Task objective | In the data below, find the line that contains "Родные просторы" and the line that contains "Вентилятор, охлаждение двигателя". Copy both, plus every line between them, exactly.

Information given |
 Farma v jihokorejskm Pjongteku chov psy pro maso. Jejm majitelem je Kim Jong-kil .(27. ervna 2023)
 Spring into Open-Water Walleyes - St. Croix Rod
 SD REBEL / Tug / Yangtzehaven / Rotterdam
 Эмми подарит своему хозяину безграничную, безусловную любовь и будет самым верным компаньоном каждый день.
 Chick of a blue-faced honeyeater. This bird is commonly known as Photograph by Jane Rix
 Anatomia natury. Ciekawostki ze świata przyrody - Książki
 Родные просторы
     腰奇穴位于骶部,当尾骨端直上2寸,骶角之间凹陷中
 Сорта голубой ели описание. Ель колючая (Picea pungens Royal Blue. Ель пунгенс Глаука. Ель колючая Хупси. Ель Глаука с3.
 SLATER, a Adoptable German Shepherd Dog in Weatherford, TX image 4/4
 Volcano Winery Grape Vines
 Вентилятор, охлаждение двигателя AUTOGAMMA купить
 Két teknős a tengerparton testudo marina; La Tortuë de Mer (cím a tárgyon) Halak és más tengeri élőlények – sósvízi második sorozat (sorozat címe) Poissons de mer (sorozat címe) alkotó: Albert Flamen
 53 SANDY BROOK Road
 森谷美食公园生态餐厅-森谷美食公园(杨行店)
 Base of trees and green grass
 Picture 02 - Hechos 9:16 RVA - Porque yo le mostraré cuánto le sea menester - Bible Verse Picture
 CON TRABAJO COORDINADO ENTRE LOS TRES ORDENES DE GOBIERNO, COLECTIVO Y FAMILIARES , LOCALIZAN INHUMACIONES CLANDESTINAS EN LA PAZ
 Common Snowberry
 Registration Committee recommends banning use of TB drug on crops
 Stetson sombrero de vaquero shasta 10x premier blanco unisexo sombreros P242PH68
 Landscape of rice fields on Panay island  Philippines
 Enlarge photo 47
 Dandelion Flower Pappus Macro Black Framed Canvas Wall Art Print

Result of this exercise |
 Родные просторы
     腰奇穴位于骶部,当尾骨端直上2寸,骶角之间凹陷中
 Сорта голубой ели описание. Ель колючая (Picea pungens Royal Blue. Ель пунгенс Глаука. Ель колючая Хупси. Ель Глаука с3.
 SLATER, a Adoptable German Shepherd Dog in Weatherford, TX image 4/4
 Volcano Winery Grape Vines
 Вентилятор, охлаждение двигателя AUTOGAMMA купить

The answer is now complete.